Visualization of bonds, angles, and dihedrals in a molecule

Fig. 2.12 Visualization of bonds, angles, and dihedrals in a molecule with four atoms.#

The total bonded intramolecular energy is conventionally written as:

\[ U = \sum_{\text{bonds}, {i,j} } U_b(r_{ij}) + \sum_{\text{angles}, {i,j,k}} U_\theta(\theta_{ijk}) + \sum_{\text{dihedrals}, {i,j,k,l} } U_\varphi(\varphi_{ijkl}) \]

where:

  • \(r_{ij} = \lVert \mathbf r_i - \mathbf r_j \rVert\) is the bond length,

  • \(\theta_{ijk}\) is the angle at atom \(j\) between bonds \(ij\) and \(jk\), and

  • \(\varphi_{ijkl}\) is the dihedral angle defined by the two planes \((i,j,k)\) and \((j,k,\ell)\).

For molecular dynamics, we do not only need energies but also forces.
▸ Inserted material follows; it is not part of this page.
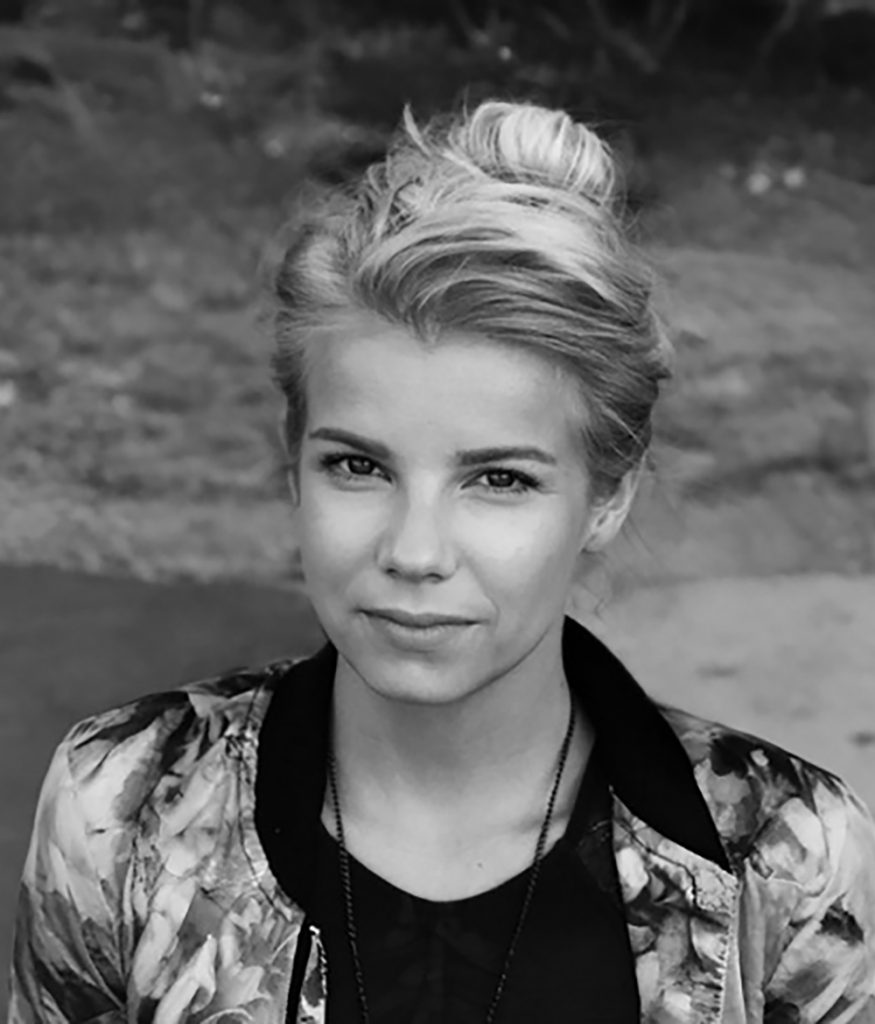 Katrin Wöller free x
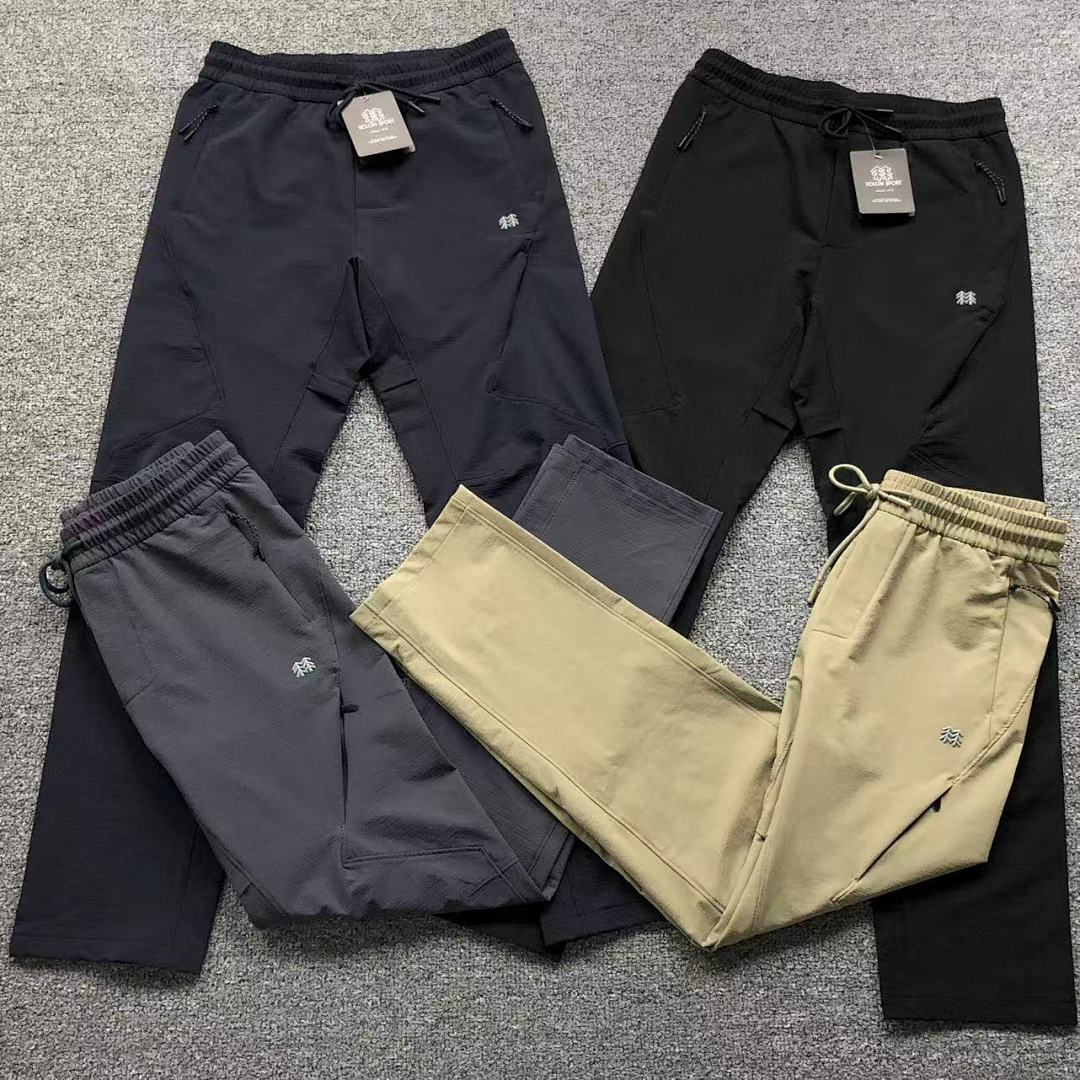 Unbranded 158 K⭐⭐ON SP⭐⭐T TROUSERS 219134301 (Im 170Cm 60Kg I Wear Size L In The Phot)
For any potential \(U({\mathbf r_i})\) the force on atom \(i\) is given by:

\[ \mathbf F_i = - \nabla_i U = - \left( \frac{\partial U}{\partial x_i}, \frac{\partial U}{\partial y_i}, \frac{\partial U}{\partial z_i} \right) . \]

For bonded terms this is slightly more involved than for a simple pair potential, because we must use the chain rule:

we differentiate \(U\) with respect to \(r_{ij}\), \(\theta_{ijk}\), or \(\phi_{ijkl}\), and then differentiate those geometric quantities with respect to the atomic coordinates.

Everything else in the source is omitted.